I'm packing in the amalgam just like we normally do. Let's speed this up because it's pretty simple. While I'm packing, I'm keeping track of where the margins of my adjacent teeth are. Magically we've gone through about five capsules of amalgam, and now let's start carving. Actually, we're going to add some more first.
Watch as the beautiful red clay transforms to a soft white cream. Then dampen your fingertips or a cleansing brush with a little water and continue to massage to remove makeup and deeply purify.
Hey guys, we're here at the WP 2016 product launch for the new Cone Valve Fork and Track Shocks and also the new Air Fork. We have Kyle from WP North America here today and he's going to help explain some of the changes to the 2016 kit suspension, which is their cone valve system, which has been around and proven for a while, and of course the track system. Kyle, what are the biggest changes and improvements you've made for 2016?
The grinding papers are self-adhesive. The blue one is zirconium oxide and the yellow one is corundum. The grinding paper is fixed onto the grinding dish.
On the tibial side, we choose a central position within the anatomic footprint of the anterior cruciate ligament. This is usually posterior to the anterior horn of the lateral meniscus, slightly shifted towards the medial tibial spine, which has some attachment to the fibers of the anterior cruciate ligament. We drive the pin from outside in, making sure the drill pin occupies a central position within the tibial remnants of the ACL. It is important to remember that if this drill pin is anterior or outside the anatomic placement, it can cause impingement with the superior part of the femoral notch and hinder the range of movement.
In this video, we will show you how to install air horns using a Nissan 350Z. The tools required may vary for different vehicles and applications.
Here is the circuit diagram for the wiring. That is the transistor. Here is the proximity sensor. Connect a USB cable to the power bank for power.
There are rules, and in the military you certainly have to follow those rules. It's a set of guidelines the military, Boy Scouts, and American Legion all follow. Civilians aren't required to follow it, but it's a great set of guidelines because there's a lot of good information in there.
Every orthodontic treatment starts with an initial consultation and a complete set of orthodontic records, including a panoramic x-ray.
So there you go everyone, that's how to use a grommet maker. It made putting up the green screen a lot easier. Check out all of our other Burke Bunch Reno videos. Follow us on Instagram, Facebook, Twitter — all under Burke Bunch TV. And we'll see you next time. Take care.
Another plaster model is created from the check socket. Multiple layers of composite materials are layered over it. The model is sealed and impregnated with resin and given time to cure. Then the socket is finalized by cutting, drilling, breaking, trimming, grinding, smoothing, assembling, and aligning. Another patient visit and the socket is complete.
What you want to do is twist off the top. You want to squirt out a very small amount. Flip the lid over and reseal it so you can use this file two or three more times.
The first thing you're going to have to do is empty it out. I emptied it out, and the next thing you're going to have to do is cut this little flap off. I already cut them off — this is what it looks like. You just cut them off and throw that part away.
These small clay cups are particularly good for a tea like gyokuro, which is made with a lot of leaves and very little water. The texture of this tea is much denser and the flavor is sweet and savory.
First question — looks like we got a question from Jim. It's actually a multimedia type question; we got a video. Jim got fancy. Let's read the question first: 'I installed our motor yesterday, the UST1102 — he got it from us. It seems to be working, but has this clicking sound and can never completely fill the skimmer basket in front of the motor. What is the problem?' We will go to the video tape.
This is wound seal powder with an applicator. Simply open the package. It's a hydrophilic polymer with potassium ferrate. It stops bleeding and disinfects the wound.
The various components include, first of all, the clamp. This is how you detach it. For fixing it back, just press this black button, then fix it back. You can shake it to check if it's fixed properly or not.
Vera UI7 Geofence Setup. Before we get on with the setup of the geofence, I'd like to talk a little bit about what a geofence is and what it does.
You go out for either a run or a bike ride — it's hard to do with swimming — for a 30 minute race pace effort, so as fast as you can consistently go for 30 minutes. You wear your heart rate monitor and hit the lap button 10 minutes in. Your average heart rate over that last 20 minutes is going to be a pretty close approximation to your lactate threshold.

Assigned task
Copying word for word, give each line of the data above from the first one through the line containing "Watch as the", and nothing else.

Answer box
I'm packing in the amalgam just like we normally do. Let's speed this up because it's pretty simple. While I'm packing, I'm keeping track of where the margins of my adjacent teeth are. Magically we've gone through about five capsules of amalgam, and now let's start carving. Actually, we're going to add some more first.
Watch as the beautiful red clay transforms to a soft white cream. Then dampen your fingertips or a cleansing brush with a little water and continue to massage to remove makeup and deeply purify.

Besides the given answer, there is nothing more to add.